To summarize: General education should help us make sense of human experience. Human experience can be understood only in the context of the society within which it occurs. Societies must therefore be understood. Understanding societies requires that we think about them. The success of that effort hinges on the merit of the conceptual model used to select and organize information. For those within the dominant society in America, that conceptual model has five parts. General education in America should, at a minimum, clarify and elaborate the five and their relationships.


A supradisciplinary curriculum that makes explicit our implicit model of reality will eliminate almost every identified difficulty with the traditional curriculum. Model awareness will tell us why we choose what we choose to teach, allow us to establish instructional priorities, enormously increase our understanding of ourselves, give us a sophisticated tool for the description and analysis of every culture, society and subsociety on earth, open the way to insightful analysis of the dynamics of social change, guarantee curricular relevance, provide a conceptual structure that meshes with what is known about how the mind organizes information, end major arguments over the literary canon, move us away from our emphasis on the mere mental storing of information toward knowledge-generating activity, and show us vast, important areas of knowledge neglected by the traditional curriculum.


And, finally, building general education upon our culture's accepted model of reality will erase the artificial boundaries between disciplines, courses and subjects, and logically relate and make mutually supportive everything taught. Not only will such a curriculum more accurately reflect the nature of our perceptions of reality, it will allow us to build a much more compact general studies curriculum, thereby freeing instructional time for students to pursue specializations reflecting their interests and aptitudes.


Sweeping claims? Yes. All this for an action as simple as making explicit our implicit model for the study of human experience? Absolutely. Skeptics might consider the probable reaction of Sir Isaac Newton's neighbors if he had called them out of their houses to hear that he had "discovered" gravity. Would they not have said, "We already know about that"? And would they not have been right?
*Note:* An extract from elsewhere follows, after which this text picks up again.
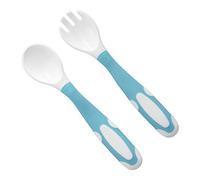 Hztyyier Utensilios de Bebés Fuerca de Horquilla de Entrenamiento Suave para la Autodeding, Cultivo del Agarre del bebé y la Coordinación del Ojo Manual, Fácil de Limpiar para los Niños Pequeños,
Nevertheless, Newton did an extraordinary thing: He moved his neighbors from mere knowing, to knowing what they knew. Reality had not changed, but perceptions of it had, and the consequences revolutionized physical science.


Our situation is much the same. We "know" that our basic categories for thinking about reality are humans, environment, meanings and values, and patterned action growing out of those meanings and values, with the whole set in time. We "know" that, within these categories, what is considered significant is that which, if it were different, would cause significant changes within other categories. These ideas are as simple, as obvious, and as natural to us as the idea of gravity. But until we know what it is that we know--until we make what we know explicit in the form of a formal, conscious model of reality, systematically organize and elaborate that model, and then tie all that is taught to it, we will fail to give our young the conceptual equipment they need to make the most sense, and the most, of human experience.